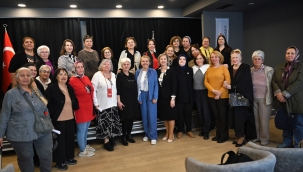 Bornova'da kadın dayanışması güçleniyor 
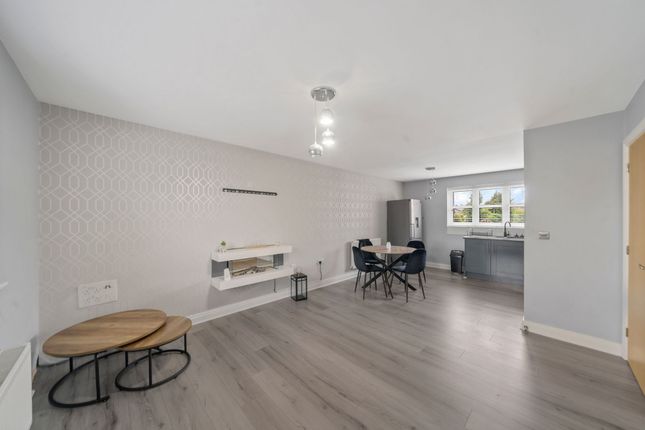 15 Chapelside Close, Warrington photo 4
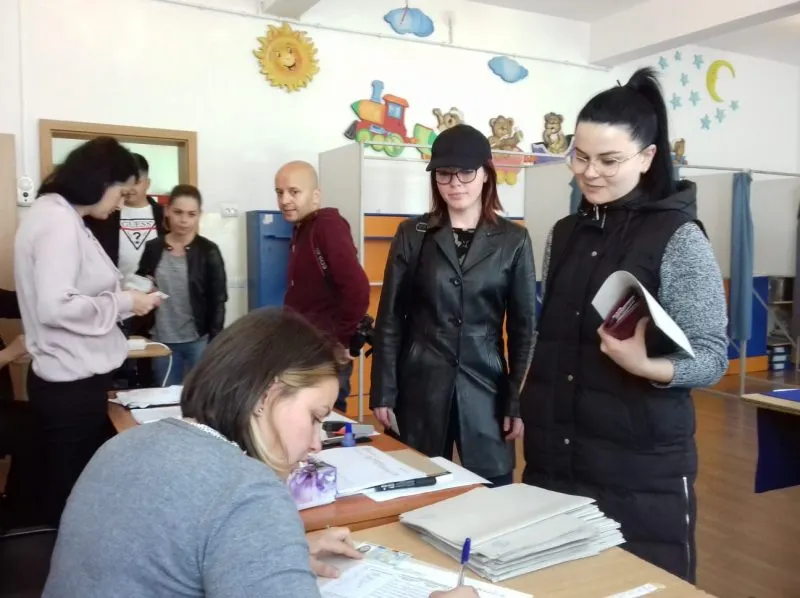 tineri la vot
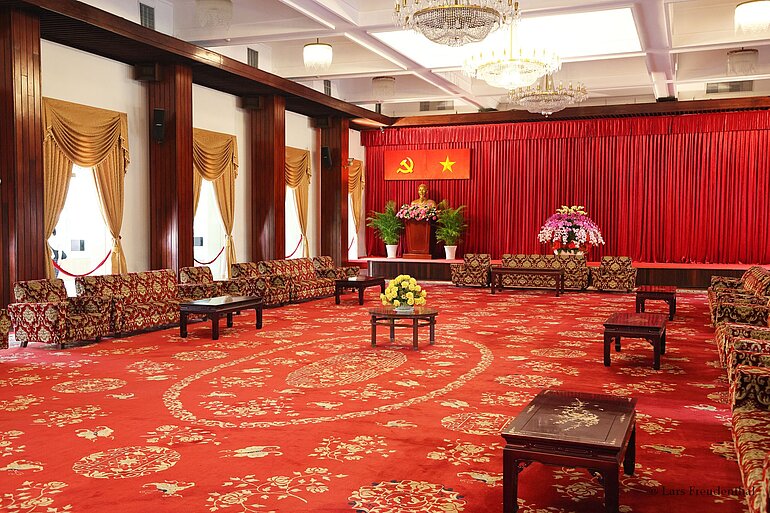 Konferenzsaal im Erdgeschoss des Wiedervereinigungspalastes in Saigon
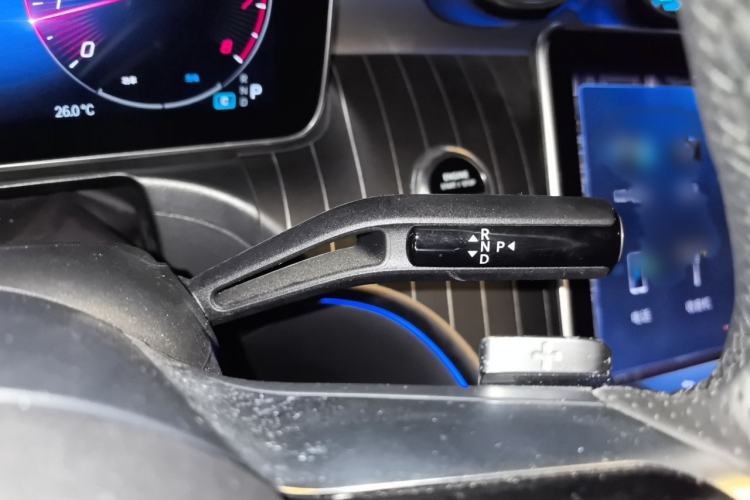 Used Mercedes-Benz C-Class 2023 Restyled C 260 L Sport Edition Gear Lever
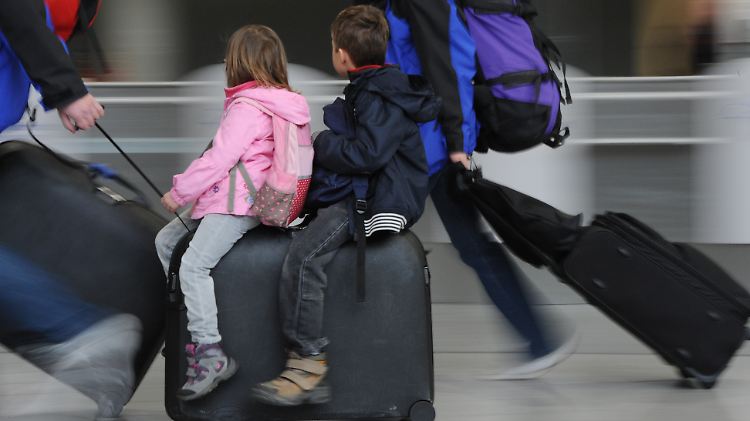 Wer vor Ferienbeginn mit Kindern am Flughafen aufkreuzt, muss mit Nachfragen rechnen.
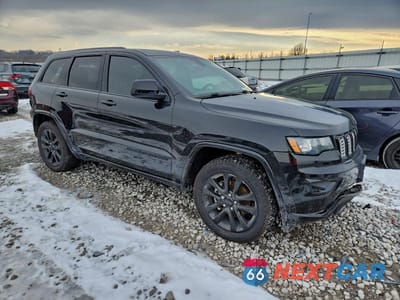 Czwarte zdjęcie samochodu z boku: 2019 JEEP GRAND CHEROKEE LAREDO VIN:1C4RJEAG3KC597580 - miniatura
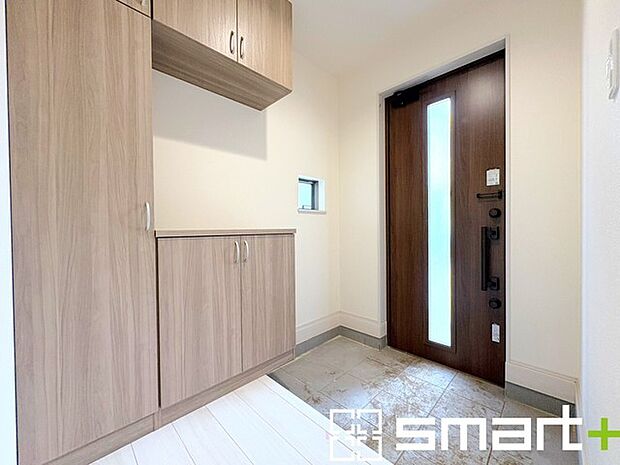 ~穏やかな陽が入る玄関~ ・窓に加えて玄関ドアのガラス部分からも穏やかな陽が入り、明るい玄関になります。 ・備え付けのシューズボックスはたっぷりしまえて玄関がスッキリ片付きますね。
━━━━
▶ _YOUR INSTRUCTIONS_:
Retype each line above precisely, please. Skip anything that is a picture.

▶ _COMPLETED EXERCISE_:
 Bornova'da kadın dayanışması güçleniyor 
 15 Chapelside Close, Warrington photo 4
 tineri la vot
 Konferenzsaal im Erdgeschoss des Wiedervereinigungspalastes in Saigon
 Used Mercedes-Benz C-Class 2023 Restyled C 260 L Sport Edition Gear Lever
 Wer vor Ferienbeginn mit Kindern am Flughafen aufkreuzt, muss mit Nachfragen rechnen.
 Czwarte zdjęcie samochodu z boku: 2019 JEEP GRAND CHEROKEE LAREDO VIN:1C4RJEAG3KC597580 - miniatura
 ~穏やかな陽が入る玄関~ ・窓に加えて玄関ドアのガラス部分からも穏やかな陽が入り、明るい玄関になります。 ・備え付けのシューズボックスはたっぷりしまえて玄関がスッキリ片付きますね。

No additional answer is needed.